The age of obsequious, infantilizing, anthropomorphic operating systems—think Clippy and his cohort—may be a dim comic memory, but it's helped inspire an entire (though brief) generation of art and music.
Now, a new jam game called RadOS, billed as a "modern horror experience", summons the simultaneously hilarious and nightmarish circumstance of cursing softly at a bright, gooey GUI as you struggle desperately against losing everything. Your virtual assistant is a goofy, wittering submarine sandwich wearing shoes (this is never explained), who cheerfully informs you that thanks to some crucial updates, your system will restart in 30 seconds. That's about how much time you have to save all your unsaved work.

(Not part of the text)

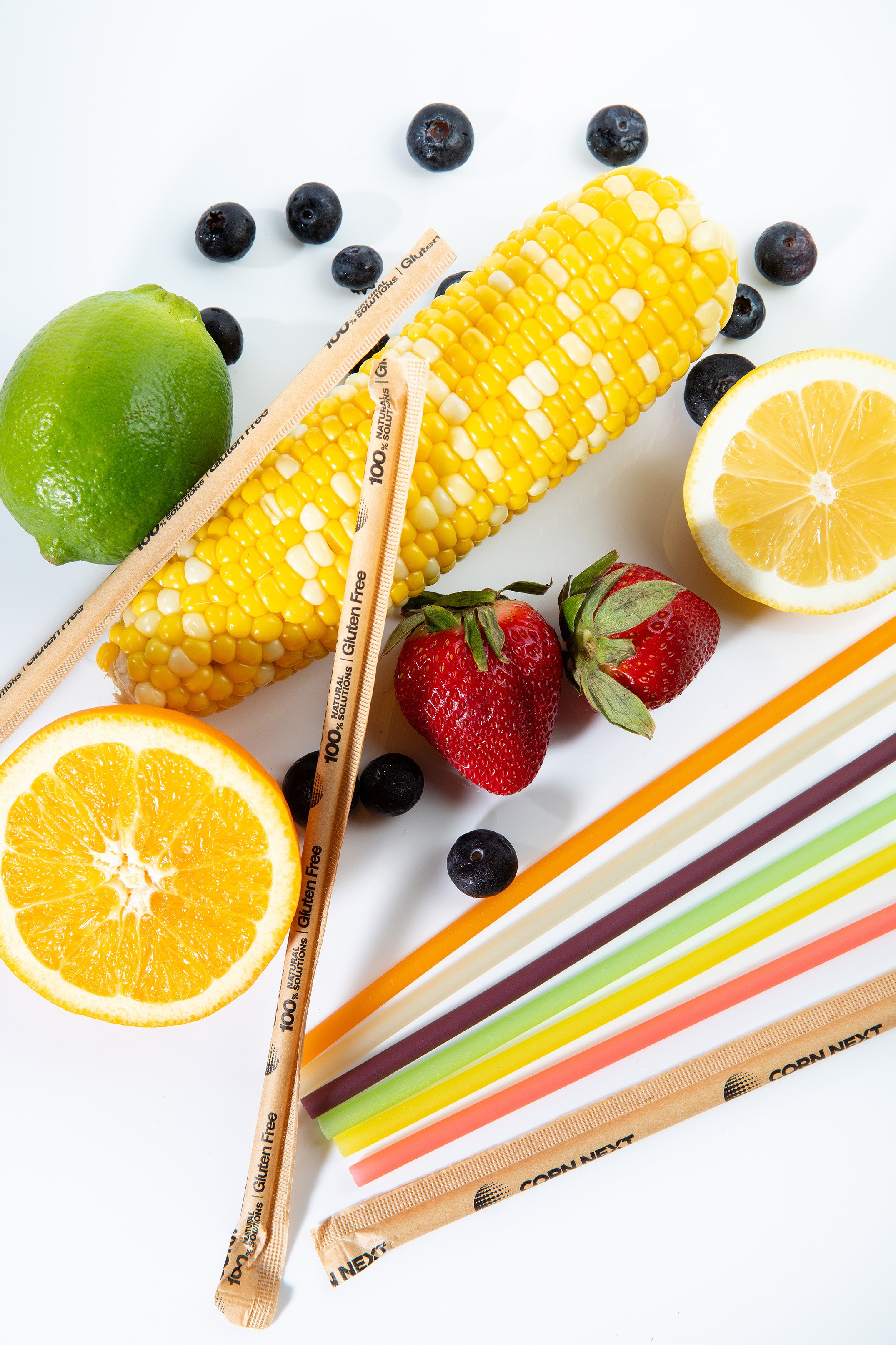 web CORNNEXT-321.jpg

RadOS presents you with the impossible feat of saving several windows' worth of work in those 30 seconds, and these vary for each playthrough—figuring out how to save, export, submit, et cetera each open project is made ever more enraging by the assistant continually popping in to "help."
If it's possible to succeed, I haven't managed it; I think instead it's a nihilistic commentary on Windows 95, designed to frustrate you and make you laugh a little bit (the user icon, a cavernous hood with a blossom emerging from its depths, is wonderfully eerie).
RadOS was made for the recent Toronto Game Jam and is downloadable for free. There's no Mac version.